* _Task prompt_: Transcribe exactly, and only, the lines that run from the one containing "Slide: The Image" through the end of the records.
====
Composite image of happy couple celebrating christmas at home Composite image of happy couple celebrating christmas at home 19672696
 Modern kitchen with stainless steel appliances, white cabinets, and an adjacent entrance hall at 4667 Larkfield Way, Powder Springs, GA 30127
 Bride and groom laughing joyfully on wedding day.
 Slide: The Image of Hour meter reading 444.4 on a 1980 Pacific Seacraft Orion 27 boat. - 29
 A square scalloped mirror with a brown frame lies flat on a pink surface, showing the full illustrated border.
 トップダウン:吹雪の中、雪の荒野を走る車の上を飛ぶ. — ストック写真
====
* _Answer section_:
 Slide: The Image of Hour meter reading 444.4 on a 1980 Pacific Seacraft Orion 27 boat. - 29
 A square scalloped mirror with a brown frame lies flat on a pink surface, showing the full illustrated border.
 トップダウン:吹雪の中、雪の荒野を走る車の上を飛ぶ. — ストック写真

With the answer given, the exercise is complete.